Y aún esto no es todo, esa transparencia o universalidad conlleva también que esas regulaciones deban razonarse, más allá de por la protección del planeta, en base a los derechos humanos y así particularmente los derechos vitales de esas personas en las partes del mundo marginadas, así ese Atlántico Sur, y la protección de esos derechos y la integración de esas zonas marginales debe asumirse como parte (prioritaria, importante) en las proyecciones y actuaciones económico-políticas, de modo que el desarrollo que se proyecta contribuya al bienestar y a la integración de aquellos que más lo necesitan, porque si no es así resulta igualmente despiadado y mal intencionado, pues las necesidades están a la vista y mirar para otro lado como hasta ahora y reivindicar los derechos humanos es contradictorio.
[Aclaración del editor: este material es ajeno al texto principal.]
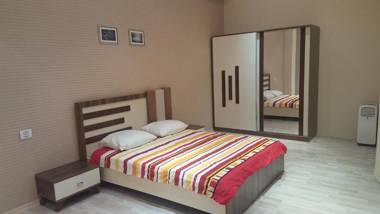 Charming 2 Bedroom Apartment near the City's Biggest Mall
Si amigos, el principio humano es ponernos en lugar del otro (y seguramente África debe ser nuestro maestro, pues su gente no ha estado sometida a la acción alienante y embrutecedora del estado), no podemos pretender ser inclusivos o hablar de derechos y pensar solo en los estados, ser inclusivos o respetar los derechos humanos es serlo con las personas y esta es la parte quizás más difícil de entender y ejecutar. ¿Cómo podemos pretender ser inclusivos si dejamos que otros mueran de hambres o penurias? Esa capacidad de entendimiento mutuo basado en ponernos en lugar del otro es el sentido común y la base de todo lo demás, eso es lo que tenemos los humanos y si renunciamos a él para basarnos en las unidades armadas o estados solo nos cabe discriminar y su resultado es la irracionalidad, perjudicial para todos, que es lo mismo que la violencia y no iremos a ningún sitio jamás. Pero los políticos son personas y si su misión ha sido hasta ahora ponerse de perfil, les ha llegado el momento de dar la cara.